Ein Gespenst namens Erich H.

■ Der ehemalige Staats- und Parteichef der DDR, Erich Honecker, ist bekanntlich tot. Für 1.500 Mark aber erscheint er auf Parties. Denn eine Agentur vermittelt Erich-Doppelgänger

„Erich hatte dieses Jahr zum 1. Mai wieder alle Hände voll zu tun. Sogar eine Kampfansprache mußte er schreiben. Es riefen so viele Interessenten an, daß ich händeringend nach weiteren Honecker-Doppelgängern gesucht habe. Vielleicht melden sich bis zum nächsten Mai noch einige“, hofft Rosemarie Fieting.
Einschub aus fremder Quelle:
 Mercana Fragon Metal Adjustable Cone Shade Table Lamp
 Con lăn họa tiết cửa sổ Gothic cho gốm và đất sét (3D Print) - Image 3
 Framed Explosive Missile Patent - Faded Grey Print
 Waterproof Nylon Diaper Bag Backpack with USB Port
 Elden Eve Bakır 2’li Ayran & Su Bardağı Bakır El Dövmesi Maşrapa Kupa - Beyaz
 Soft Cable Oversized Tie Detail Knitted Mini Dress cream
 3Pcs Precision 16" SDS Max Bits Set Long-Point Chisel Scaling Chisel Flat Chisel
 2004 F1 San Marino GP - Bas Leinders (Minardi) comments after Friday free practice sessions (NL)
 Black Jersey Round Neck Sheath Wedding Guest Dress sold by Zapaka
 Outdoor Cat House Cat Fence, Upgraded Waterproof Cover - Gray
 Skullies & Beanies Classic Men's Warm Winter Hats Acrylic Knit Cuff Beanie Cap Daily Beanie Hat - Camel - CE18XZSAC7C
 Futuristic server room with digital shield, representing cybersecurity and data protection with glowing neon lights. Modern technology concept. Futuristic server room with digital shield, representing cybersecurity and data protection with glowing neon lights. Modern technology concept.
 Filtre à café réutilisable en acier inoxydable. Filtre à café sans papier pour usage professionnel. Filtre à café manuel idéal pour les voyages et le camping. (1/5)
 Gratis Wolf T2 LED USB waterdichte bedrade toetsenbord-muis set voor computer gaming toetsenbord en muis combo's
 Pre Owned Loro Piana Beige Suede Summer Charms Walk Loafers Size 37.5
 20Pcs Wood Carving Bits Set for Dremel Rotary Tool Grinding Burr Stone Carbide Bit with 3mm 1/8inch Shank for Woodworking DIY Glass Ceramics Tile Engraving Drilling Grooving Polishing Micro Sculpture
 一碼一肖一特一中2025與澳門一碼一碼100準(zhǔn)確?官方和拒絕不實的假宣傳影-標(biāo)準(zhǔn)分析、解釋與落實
Das Double des früheren DDR- Staats- und Parteichefs sei heute willkommener Gast auf Parties, in Diskotheken und eben Fernsehshows, sagt die Inhaberin der ersten lizensierten internationalen Doppelgänger-Agentur, die vor acht Jahren in Berlin gegründet wurde. Unter 1.500 Mark sei er nicht zu haben. Noch mehr kostet Gorbatschow, der in der Schweiz wohnt und russisch spricht. „Einheitspreise habe ich jedoch nicht. Es kommt immer darauf an, zu welchem Anlaß ein Doppelgänger gebucht wird und welche Anforderungen an ihn gerichtet werden. Ein Honecker, der den ,echten Tonfall‘ hat und die Faust zum Kampfgruß ballt, ist einfach auch teurer.“

Als Fieting zwölf Jahre alt war, sagte man ihr, daß sie Augen wie Liz Taylor habe. „Erst viel später kam ich auf die Idee, als Double der Schauspielerin aufzutreten.“ Aber sie habe nicht nur mit der Taylor Äußerlichkeiten gemeinsam, sondern trete auch gerne als Joan Collins auf. Wie das „Denver- Biest“ hat auch sie eine Leidenschaft für Hüte jeder Art entwickelt. Insgesamt besitzt sie etwa 140 Stück. Die Agenturchefin betreut ihre 1.500 „Stars“, die auch teilweise aus dem Ausland kommen, persönlich. Sie hilft ihnen, sich auf ihre Rolle einzustellen. „Jeder Augenaufschlag muß stimmen. Ein weißes, enges T-Shirt, Jeans und launischer Blick machen noch lange keinen James Dean aus Moritz Müller.“ Die Doppelgänger müssen sich auf ihren Auftritt vorbereiten wie Schauspieler. Manchmal ist aber auch mit sehr viel Übung nichts zu machen. Von 15 bis 20 Bewerbungen, die monatlich in der Agentur eintreffen, seien oft nur drei brauchbar.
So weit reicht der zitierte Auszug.